Drinkwater and Straty met years earlier while serving on the National Charity League but had never worked together before. Approached about taking on the project, the designer coincidentally arrived wearing her future client’s favorite color combination of a soft gray-green-blue, natural linen, and coral. Throughout their initial conversation, Drinkwater found it surprisingly easy to intuit Straty’s expansive vision.

“She wanted a radiating concept of small opening to bigger with layers of intimate [spaces],” Drinkwater says. “I was able to listen, take all the things she liked, and filter it through my eye and experience to edit and design a cohesive-yet-collected interior that reflected her personality.”

Drinkwater devised multifuntional rooms that Straty and her husband, Steve, could use for both entertaining and quiet contemplation, from a relaxed sitting area off the kitchen to a multipurpose living room. The most problematic space—the dining room—was designed to do double duty as an impactful entry, anchored by a vibrant gallery wall.

To complement the 10-foot-tall doors and windows that let the natural light pour in, Drinkwater implemented two tables on concealed casters from Draenert that could be pushed together for larger dinner parties.

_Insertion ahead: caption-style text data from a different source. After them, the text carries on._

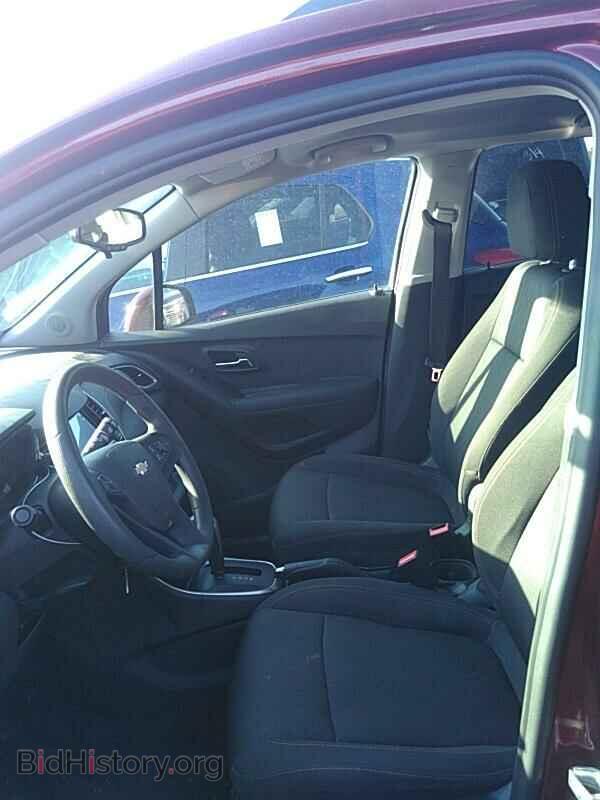 2017 Chevrolet Trax - VIN: 3GNCJLSB3HL160132 - Фото 3
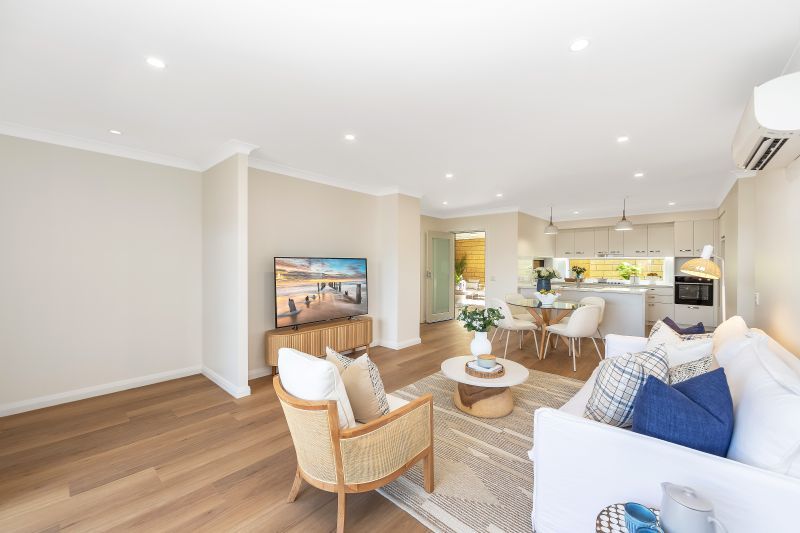 Beautifully positioned villa with golf course views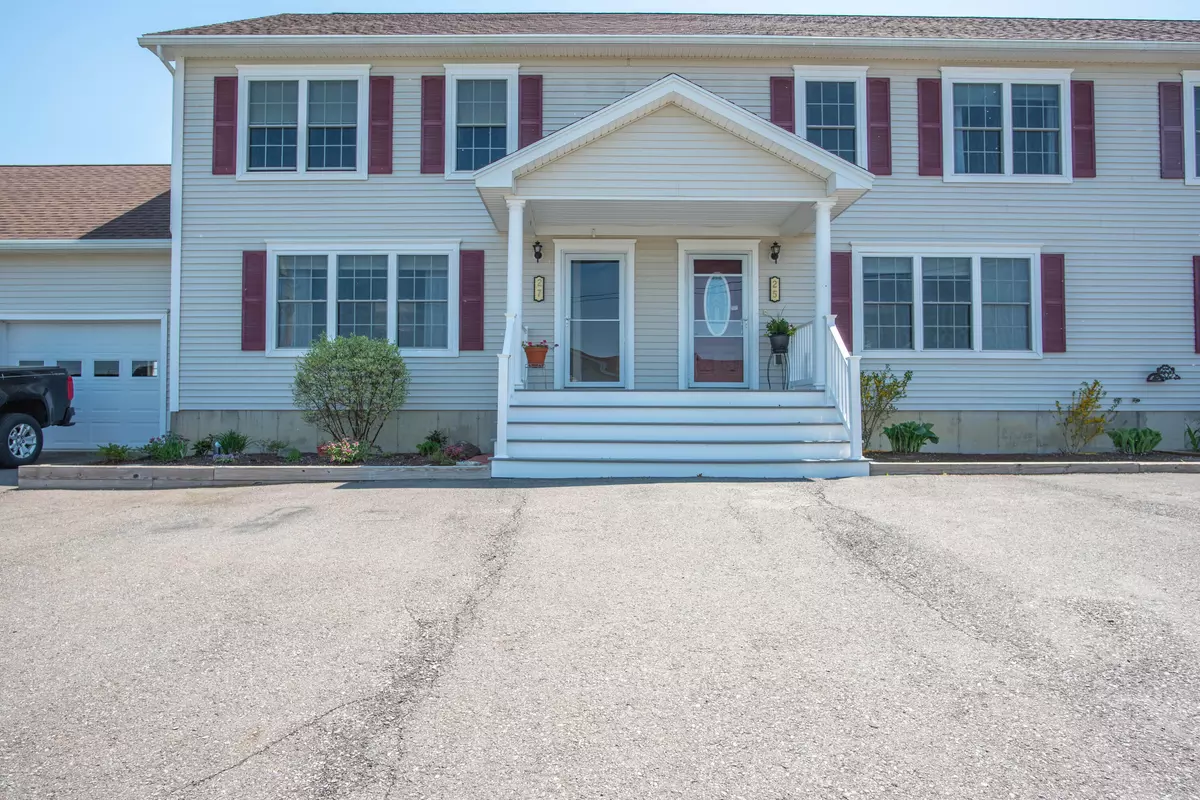 Hermon, ME 04401,27 Hunter DR #27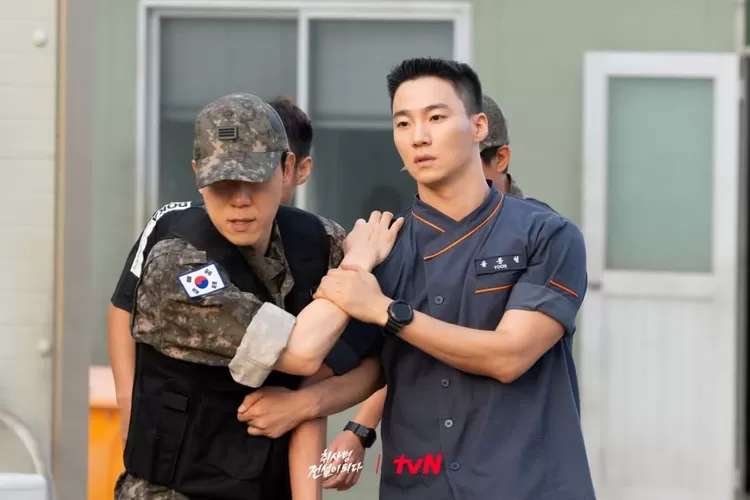 Preview drama Korea The Legend of Kitchen Soldier episode 2.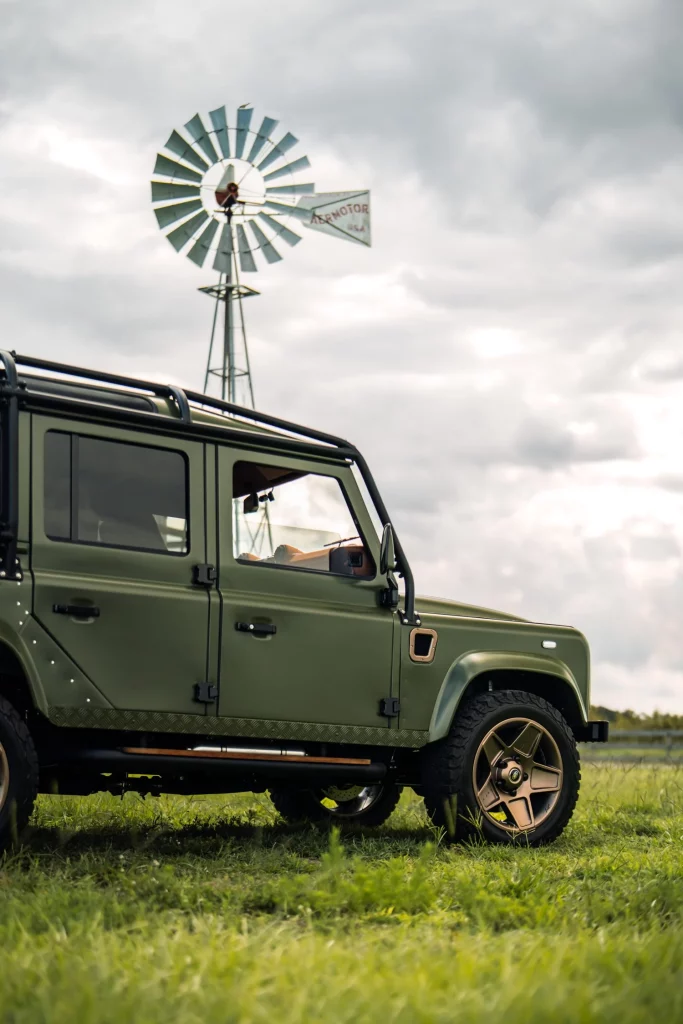 Project Wilder: Un Land Rover Defender clásico dopado con 710 CV de puro músculo americano 13 Motor16 Project Wilder: Un Land Rover Defender clásico dopado con 710 CV de puro músculo americano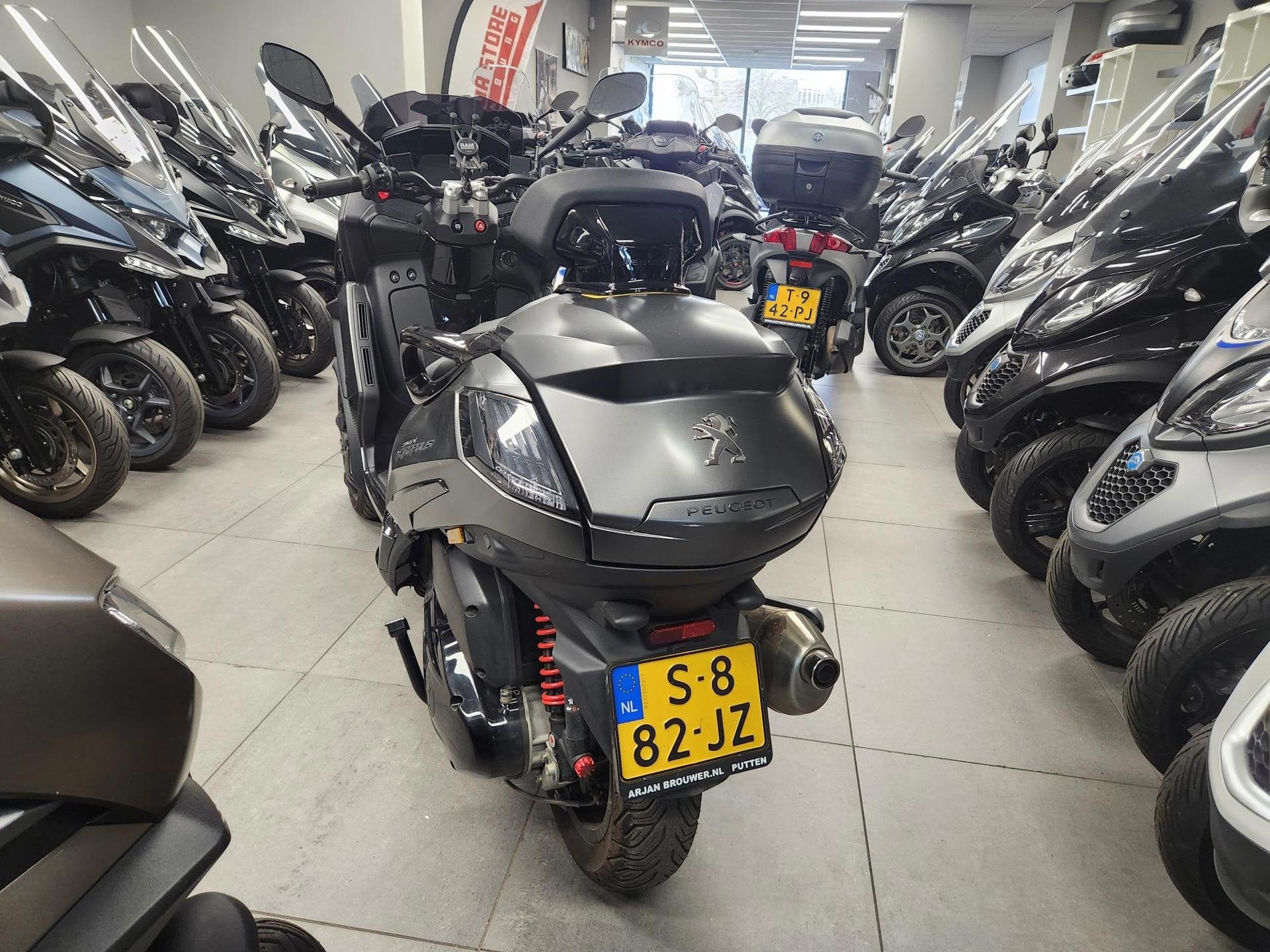 Peugeot Metropolis GT 400i 2023 2199KM RIJKLAAR, Motoren, Motoren | Overige merken, Info@motorstorelimburg.nl, Bedrijf, Overig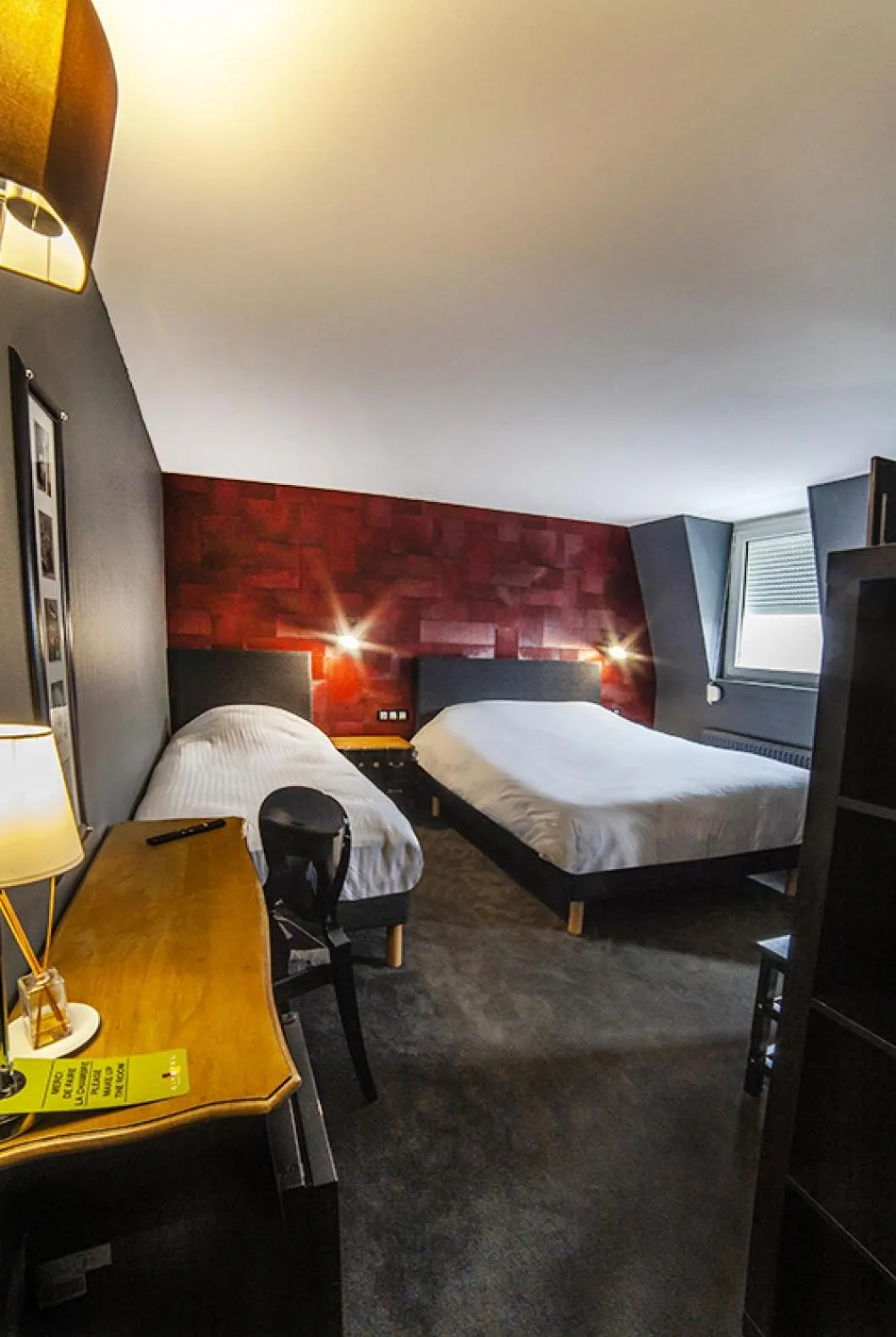 Bed in Cit'Hotel B Hotel Brasserie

Drinkwater also found new homes around the house for pieces from Straty’s collection of antiques. A wooden sunburst motif adds a moment of surprise and delight mounted above the lacquered piano, and a delicate pair of 1940s French lamps were repurposed as elegant wall sconces in the powder bathroom.

“Camie has a vast knowledge of scale, sculptural form, and functionality,” Straty says. “She incorporated many of our existing antiques and family pieces, creating warmth and coziness, [which were] two of my most desired outcomes.”

“To me, it’s more challenging and rewarding to be able to mix contemporary with vintage, especially if it has meaning for the client,” Drinkwater says. “I think I helped with her desire to have this look like a collected home and have it make sense and be peaceful and beautiful.”

“Every time I walk in the door, I feel lucky to live here. I’ve loved all my houses, but this is different.”

Homeowner, Laurie-Jo Straty

Straty was so pleased with the final spaces, she gifted Drinkwater a design book as a memento a full year after the project’s completion, along with a note honoring her considerable skills.

“She wrote me the most beautiful letter explaining why the house had to cure for a year and how grateful she was for my gifts of proportion, scale, balance, texture, arrangement, form, and color,” the designer says. For Straty, the final project is a sanctuary that enlivens her artistic spirit through day-to-day living.

“Every time I walk in the door, I feel lucky to live here,” Straty says. “I’ve loved all my houses, but this is different. I don’t know if it’s the feeling when you walk in through the breezeway or the feeling of compression and expansion [through the rooms]. It’s the palette; it’s Camie’s shapes and positioning of furniture; it’s texture. She was the perfect partner in helping me execute my vision.”